« Il n'y a pas de plus grand poète.
Il y a la poésie. »

Paul Fort (Canzone du vrai de vrai / Portraits sur le sable)

Le chat d’Arielle

 

 

 

Arielle à l’âge certain :

Je me rendais compte de la chance

Que j’avais d’être encore vivante

En ce monde instable.

C’était une vraie gloire.

J’étais en vie et je m’appelais Arielle.

C’était un très joli prénom.

Je ne savais ni lire ni écrire.

On disait que j’étais un peu handicapée

Et que je venais d’une île lointaine.

N’était-ce pas merveilleux !

J’avais un sourire à décrocher la lune.

J’avais une broche dans la cuisse gauche

Parce que j’avais glissé dans une fosse

Sur la plage.

Je ne savais plus quand j’étais née…

Si, en avril…

Ma maman s’occupait bien de moi.

Elle était très gentille ; elle s’appelait Natalia.

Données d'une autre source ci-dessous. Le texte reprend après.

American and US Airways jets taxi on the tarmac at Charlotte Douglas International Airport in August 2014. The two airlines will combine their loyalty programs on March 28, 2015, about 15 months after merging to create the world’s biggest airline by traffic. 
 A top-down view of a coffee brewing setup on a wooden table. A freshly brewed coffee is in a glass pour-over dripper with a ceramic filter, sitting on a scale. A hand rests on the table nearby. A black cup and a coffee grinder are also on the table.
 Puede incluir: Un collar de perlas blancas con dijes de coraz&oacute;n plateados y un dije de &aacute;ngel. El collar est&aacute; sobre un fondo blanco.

Elle ignorait où se trouvait mon papa.

Lui, il s ‘appelait Liviu

Et ça faisait quelque temps qu’elle ne le voyait plus.

La dernière fois qu’elle l’avait aperçu

C’était au bord de la mer.

J’avais un amoureux avant…

Beaucoup plus âgé que moi…

Et il avait un problème au bras droit.

Mais il m’a plaquée un jour.

Temps.

Je ne voulais plus y penser.

Je ne me souvenais plus de son nom.

Je croyais qu’il avait dû mourir.

J’avais un chat noir que j’appelais Hiba.

Je n’ai pas de photo de lui

Et je ne veux pas le dessiner non plus.

Il s’est fait écraser par le camion du laitier.

J’avais une sœur, mais elle est décédée.

Elle s’est étouffée un jour

Parce qu’elle est tombée dans l’eau.

Tous les mots que je dis

Je les garde gravés dans mon cœur.

Je dis que c’est du vivant

Et qu’il n’y a rien de plus précieux.

Je voudrais m’endormir

Avec une pensée bienheureuse

Si douce, si touchante.

Le chœur des anonymes chantant : Le monde dort

à poings fermés

Tandis que passe le manège enchanté. Bis.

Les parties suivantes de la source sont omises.